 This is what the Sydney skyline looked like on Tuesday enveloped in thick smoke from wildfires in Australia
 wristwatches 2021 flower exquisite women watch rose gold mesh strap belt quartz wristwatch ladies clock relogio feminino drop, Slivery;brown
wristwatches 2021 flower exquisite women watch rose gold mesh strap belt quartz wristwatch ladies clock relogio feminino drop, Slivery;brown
══════════
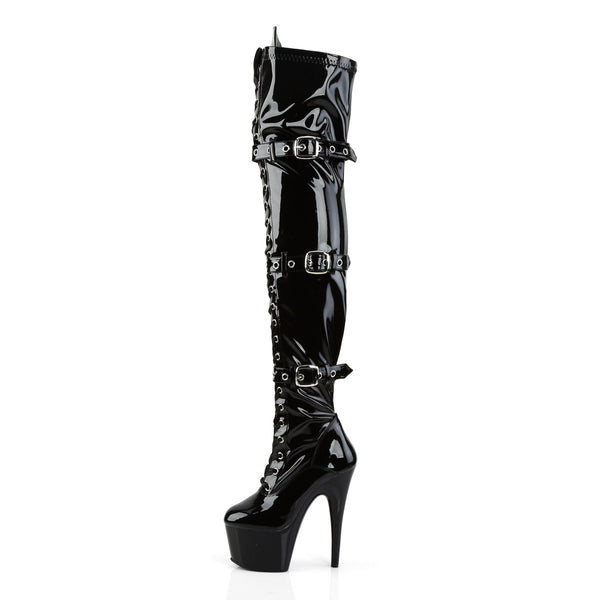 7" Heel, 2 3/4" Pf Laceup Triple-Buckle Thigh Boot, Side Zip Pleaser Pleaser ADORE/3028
══════════
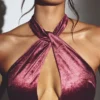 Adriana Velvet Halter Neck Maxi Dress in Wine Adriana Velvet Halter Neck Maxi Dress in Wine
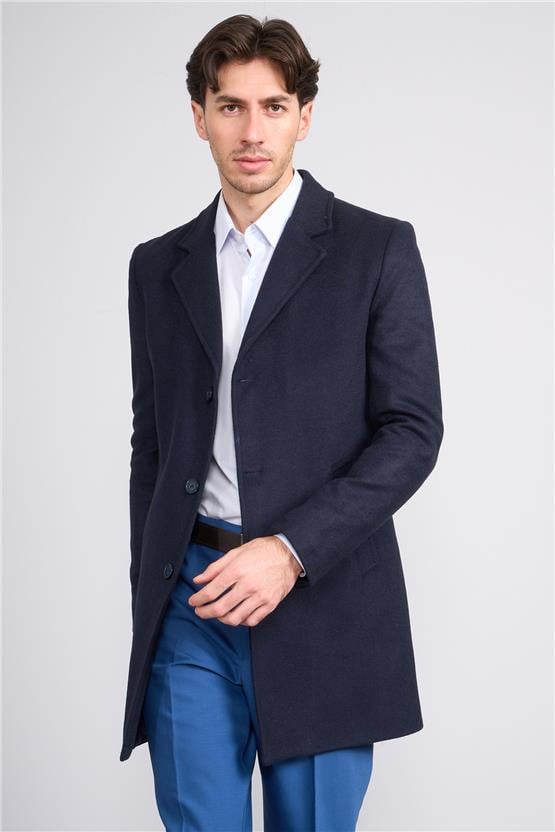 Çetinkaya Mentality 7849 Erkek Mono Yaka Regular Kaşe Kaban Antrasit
══════════
* [Exercise aim]:
Could you please find every line of the listing above holding the string "gold" and copy it?

* [Expected answer]:
 wristwatches 2021 flower exquisite women watch rose gold mesh strap belt quartz wristwatch ladies clock relogio feminino drop, Slivery;brown
wristwatches 2021 flower exquisite women watch rose gold mesh strap belt quartz wristwatch ladies clock relogio feminino drop, Slivery;brown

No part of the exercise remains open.